Dataset excerpts
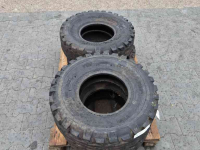 Wheels, Tyres, Rims & Dual spacers  10.0/80-12 6ply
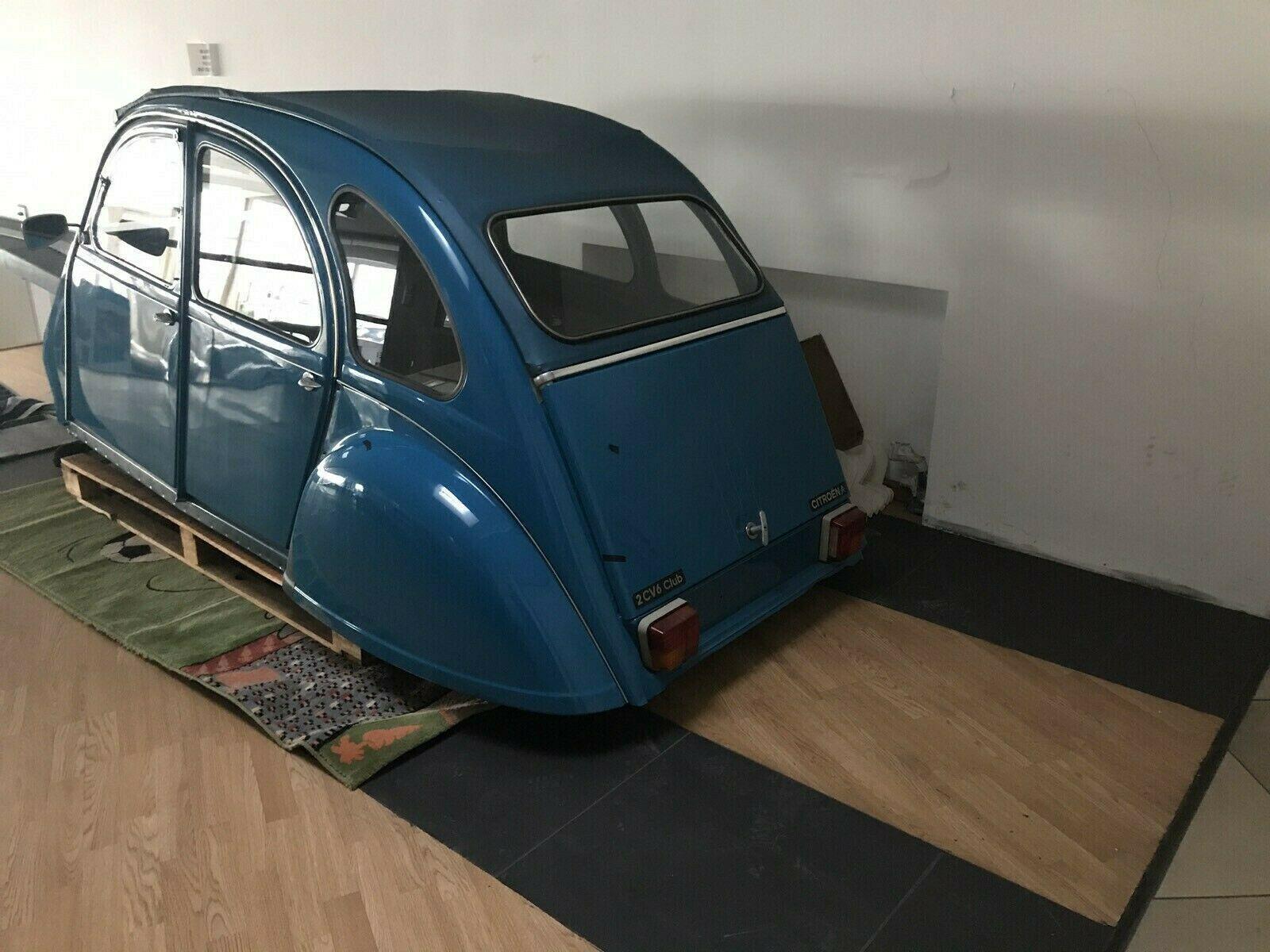 Citroën 2CV6 Karosserie/Häuschen AKTION weg.Lagerräumung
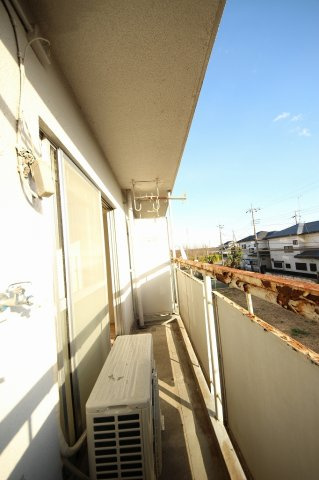 ビレッジハウス奈良部１号棟のバルコニー|バルコニーがあります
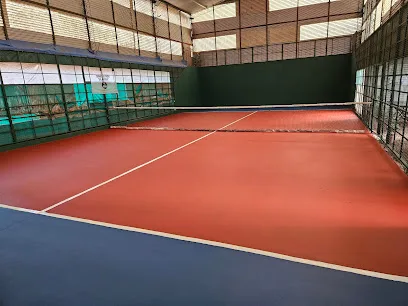 Club del bosque tenis padel photo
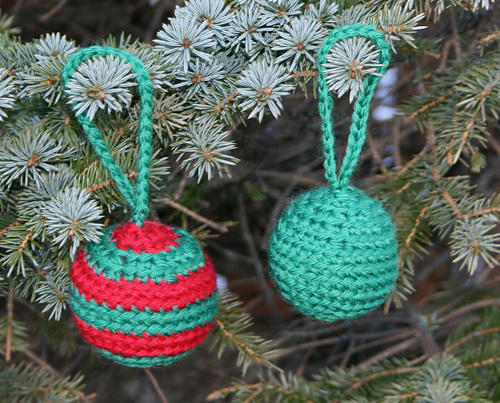 Crochet Christmas Balls photo 1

#### [EXERCISE AIM]
In the copy, omit the pictures and give every line of the data exactly.

#### [ANSWER SPACE]
 Wheels, Tyres, Rims & Dual spacers  10.0/80-12 6ply
 Citroën 2CV6 Karosserie/Häuschen AKTION weg.Lagerräumung
 ビレッジハウス奈良部１号棟のバルコニー|バルコニーがあります
 Club del bosque tenis padel photo
 Crochet Christmas Balls photo 1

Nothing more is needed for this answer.